Serious question: if you drive 7500 miles a month, and you’re switching to EV, how much time will you lose because of charging? I think most people just charge over night, but it sounds like you’ll have to charge multiple times a day.


----------



## dusky323 (9 mo ago)

I am home for a 3 hour stretch every day in between my driving times. So I would be charging overnight and also during those 3 hours if needed. I would also still have my current gas car if needed and I'm never far from home.


----------



## Stevie The magic Unicorn (Apr 3, 2018)

_Tron_ said:


> Right. That's why I was noting. I've never had to pass on a pickup because of lack of space. Often I pickup a pair of pax, and if they have too much luggage for the hatch I use the front passenger seat. And, as Spock noted in Wrath of Kahn, you have to think three dimensionally. There's always a way.
> 
> Having said that, the Bolt is now the slowest charging EV out there. 1/2 hour to 45 minutes to put one hundred miles back on. If you plan on driving more than about 200-225 realistic miles per day, plan on having to charge. I do it when I break for a meal. Check out if the airport you often frequent has installed chargers in their parking lot yet. Municipal entities often charge municipal pricing; i.e. below market price.
> 
> ...


Half hour to 45 minutes every 200 miles?

That sounds like a great idea. Should always take a break every 8 hours for a half hour- 45 minutrs.

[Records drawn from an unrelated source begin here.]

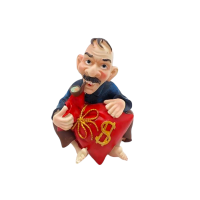 Скарбничка статуетка Козак з мішком Декоративна фігурка H 12,5 cm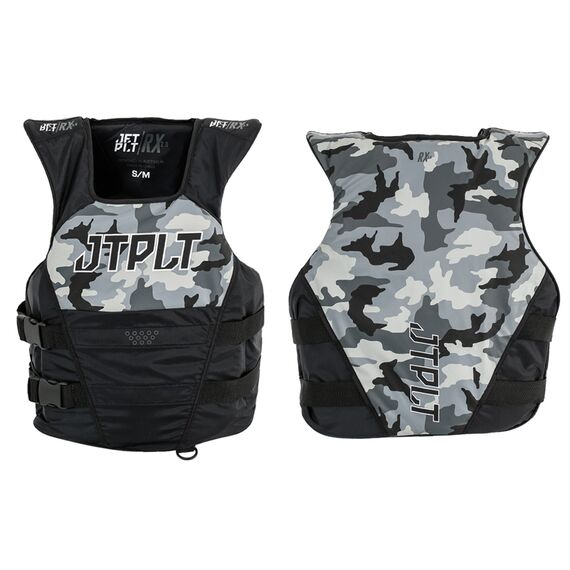 Спасательный жилет для гидроцикла нейлон мужской Jetpilot RX S/E Nylon Vest ISO 50N Black/Camo S22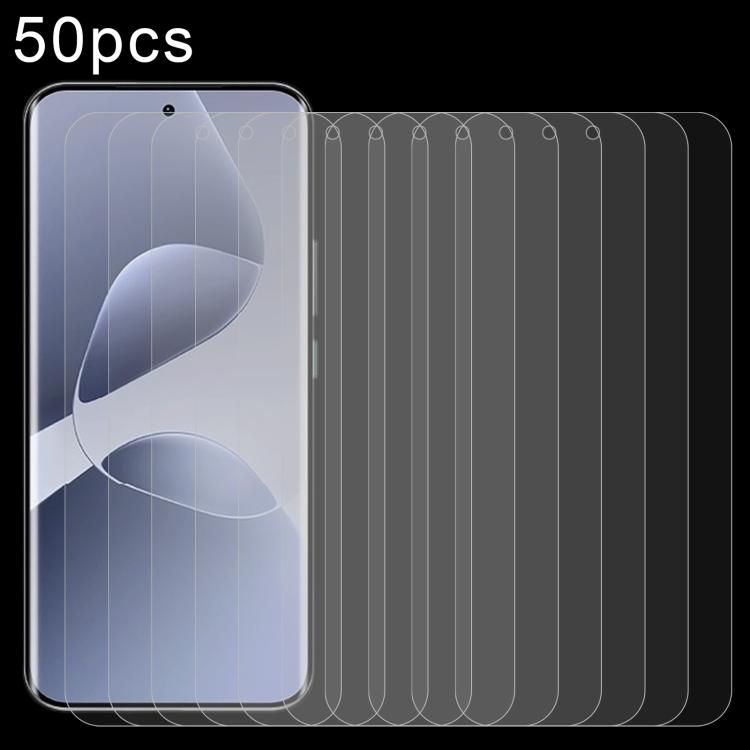 

For Infinix Hot 60 Pro+ 4G 50pcs 0.26mm 9H 2.5D Tempered Glass Film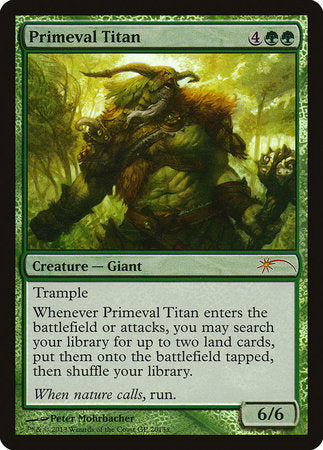 Primeval Titan [Grand Prix Promos] | Black Swamp Games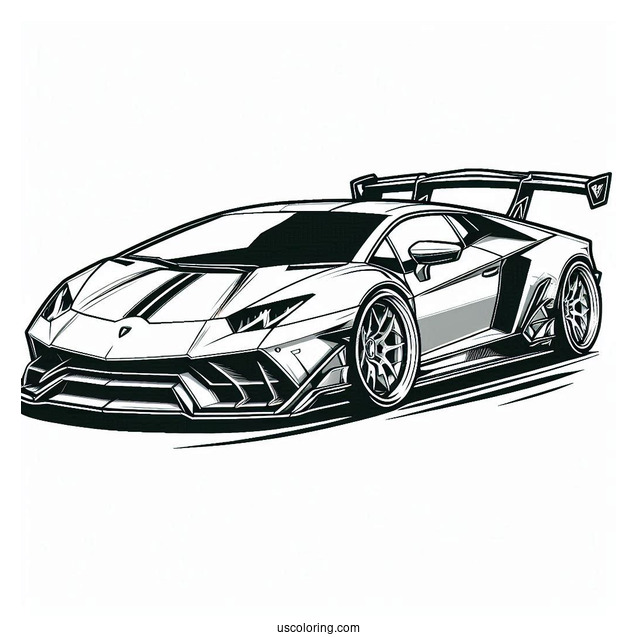 Lamborghini Coloring Page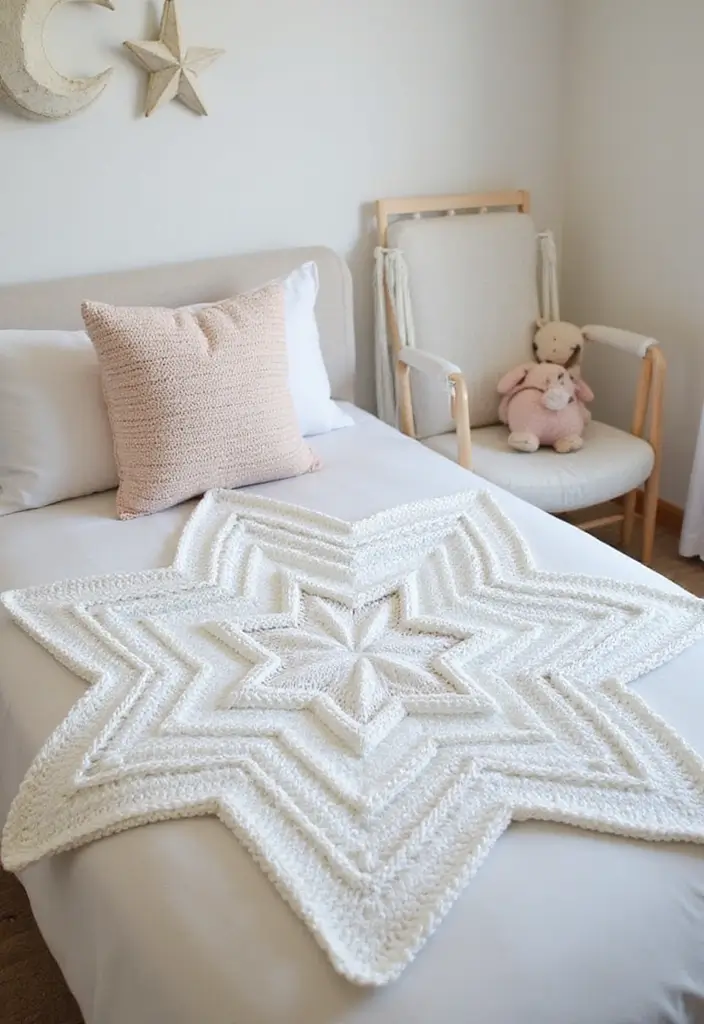 25 Adorable and Easy Crochet Baby Blanket Free Pattern Inspirations - 17. Twinkling Stars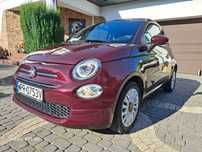Fiat 500 1,2 Benzyna # Oryginał # Serwis ASO # Lounge # Jeden Właściciel #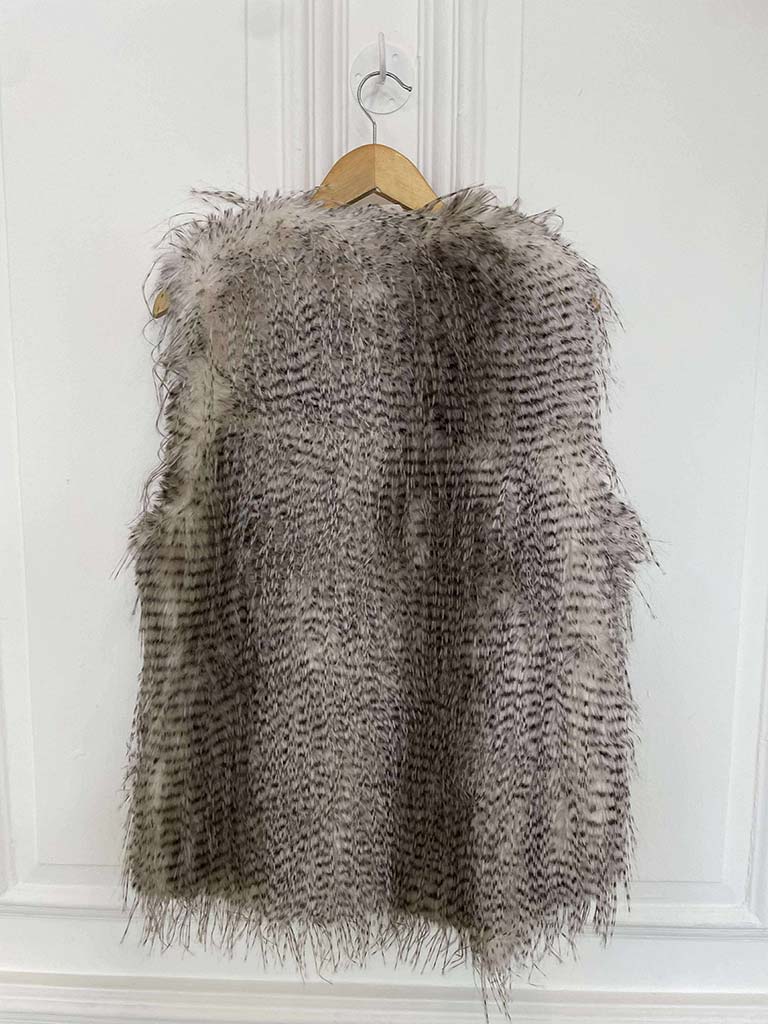 Luxe Feather Gilet - Natural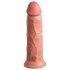 King Cock Elite 8 - Dildo mit Saugnapf (20cm) - Hautfarben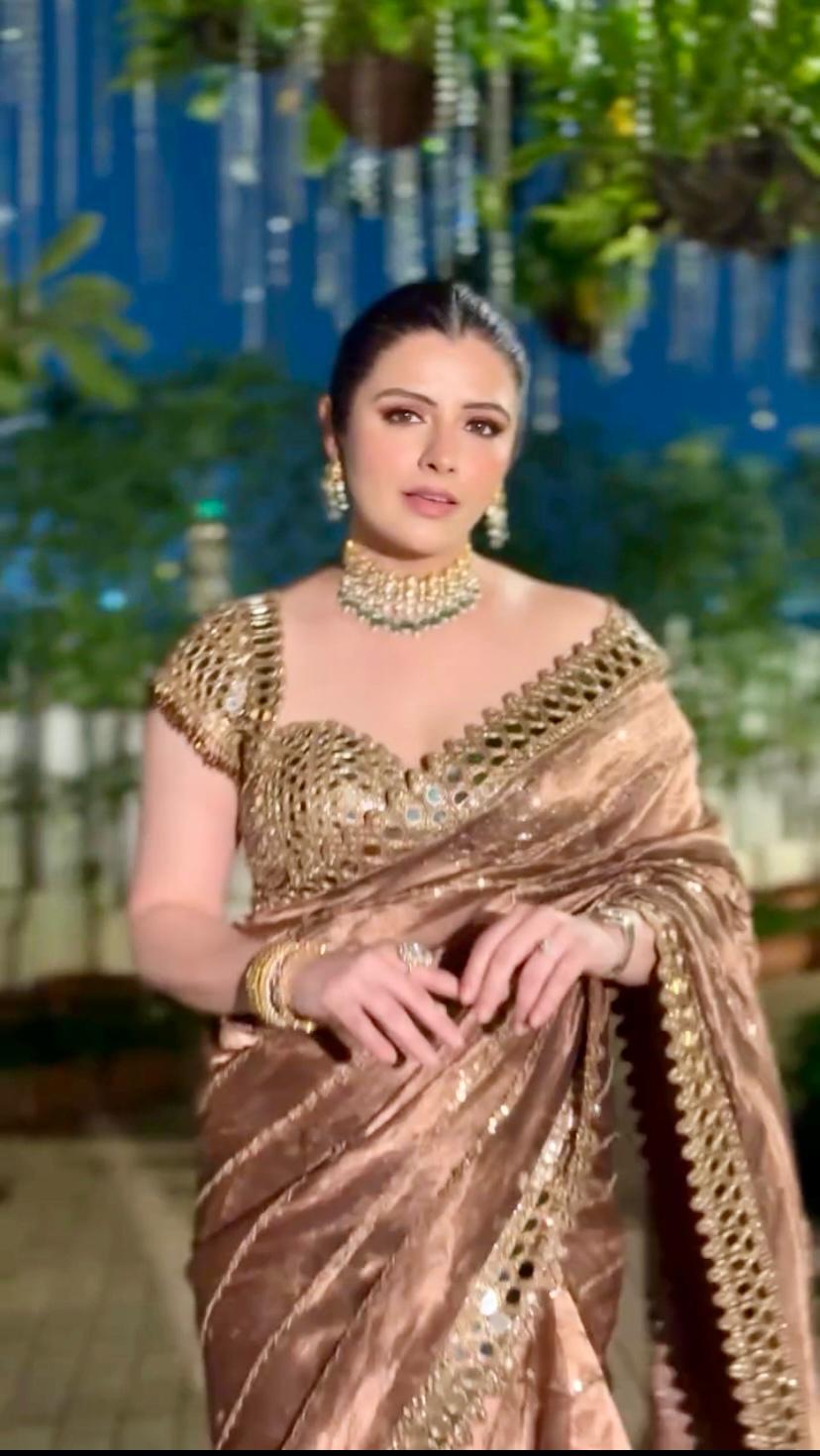 BT 413 Mustered Organza Silk Saree with Mirror Work & Embroidery Work. Introductory Price ₹1999. Delivery 4-6 Working Days. Shop now. | Sarees, Bollywood Sarees, Creative Sarees, Designer Sarees, Embroidered Sarees, Ethnic Saree, Modern Digital sarees, Party Wear Sarees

Sometimes I'll put in 12+ without a break. So hard on my body.


----------



## Cbx9mm (Sep 15, 2018)

dusky323 said:


> I don't plan on buying new


Here is what you need to know the cars built today EV or gas are designed to go further on less resources, yes? However the problem is your vehicle going 50k miles a year is basically done in 3 years. But you say only 150k miles these cars of today are not build for the decaying roads of today. Your suspension will be toast, cars are built to be throw away not to last except under perfect conditions. I drove Uber with my 2013 f150 for 3 years, it’s has 320,000 miles and goes everyday with truck suspension and a 5,000 lb vehicle no problem. A light car at 2500 lbs good luck. Physics people you can’t beat it not with a car. You have a disposable job so you need a disposable vehicle


----------



## BeeHive (May 31, 2018)

dusky323 said:


> I am looking to make the jump to a full EV soon and would like some advice from those that are already using one. I currently spend $1000+/month on gas in my 30mpg car.
> 
> As of right now I’m looking for a Tesla Model S but other than the Model S and the Model 3, I don’t know anything about the other available EV’s.
> 
> ...


Hi I am in Australia where the price of a Tesla is quite expensive, however, I do know that for half the price Kia have an all electric car that has had very good reviews: see Kia Niro | All Electric Crossover SUV | Kia Australia


----------



## 99transportationgrou (8 mo ago)

dusky323 said:


> I think Im narrowed down to Ioniq5, Kia Ev6 and the Tesla Model S. Maybe the bolt but half of my rides are Airport and luggage space is very important. I love to drive and I would also be using this car for personal use and this is why I cant let go of a used Model S. I know I would love driving it the most. I realize its not as practical for rideshare but overall it would probably bring the most enjoyment. I'll research all of them before making the choice though. Thanks everyone!!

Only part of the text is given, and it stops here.